The Bharatiya Janata Party’s prime ministerial nominee Narendra Modi is “sad” the 2002 Gujarat riots took place but has no guilt, according to a recently published book by British author and journalist Andy Marino. The book also quotes Modi as saying that no court had “come even close to establishing it (his link to the violence in any form)”.
The book also discloses that after the riots, Modi wanted to resign as the chief minister of Gujarat but was prevailed upon by the Bharatiya Janata Party to continue.
The Gujarat chief minister had for the first time shared his side of the Gujarat 2002 riots in December last year, saying he was "shaken to the core" by the "mindless violence".
"'Grief', 'Sadness', 'Misery', 'Pain', 'Anguish', 'Agony' - mere words could not capture the absolute emptiness one felt on witnessing such inhumanity…," he wrote in his blog last year, a day after a court had rejected a petition challenging a probe report clearing him of complicity in the Gulbarg Society riots case.
According to official records, of more than 1,200 people killed in the riots, nearly 950 were Muslims. The riots had erupted following the torching of the Sabarmati Express near Godhra, in which 59 passengers - mostly kar sevaks returning from Ayodhya - were killed.

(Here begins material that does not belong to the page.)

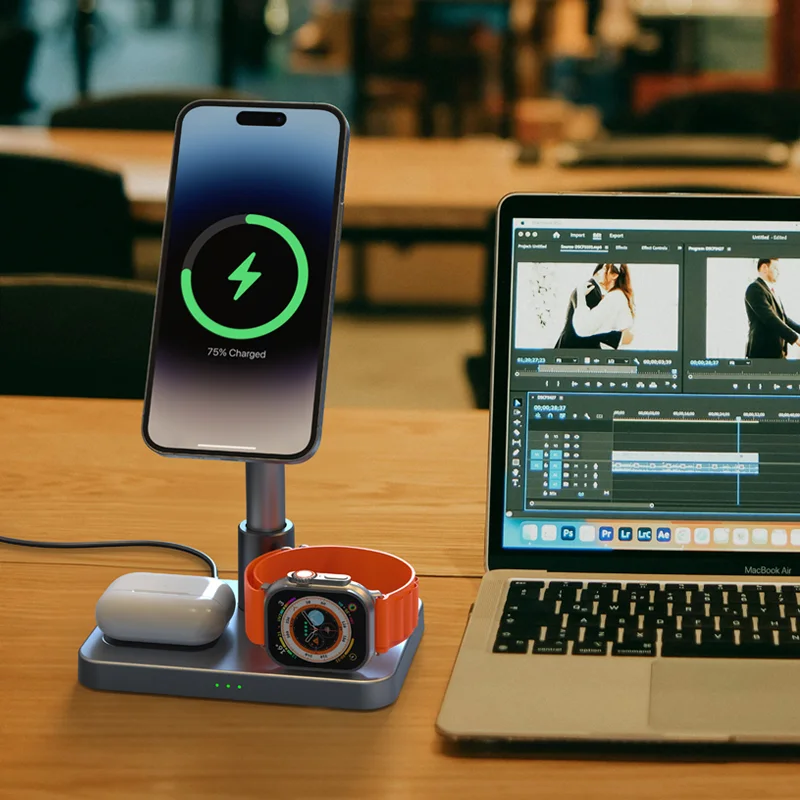 Mackertop S6 3-in-1 Magnetic Wireless Charger – 15W Fast Charging for Phone, Watch, Earphones product image 2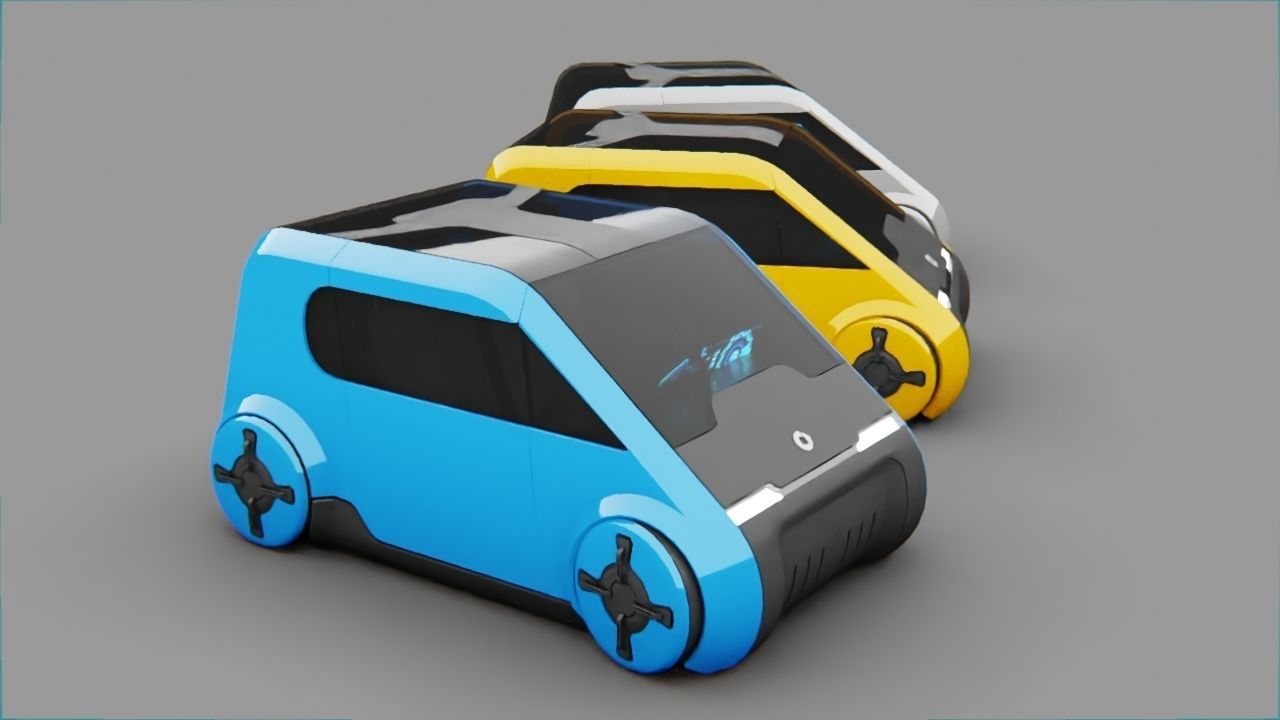 Smart Concept Car rigged 3D model_33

Though the Gujarat CM suffered 12 years of public “Modi-bashing” since the riots, he decided early on to “let the media do its work; there will be no confrontation”, the book says.
“I never waste my time in confrontation,” he is quoted as saying in the biography written by Marino, who is also a television producer.
Titled “Narendra Modi: A Political Biography” and published by Harper Collins, the book is based on Marino’s interactions with Modi during his political rallies over several weeks.
The 310-page book claims to have dealt with news reports of the riots with the help of “hitherto unpublished, authenticated documents”.
Marino says the BJP strongman confided in him "possibly for the first time in an on-the-record interview that he (Modi) no longer wanted to be the chief minister after the riots because he had decided it was unfair on the people of the state who had been subjected to extreme abuse because of him".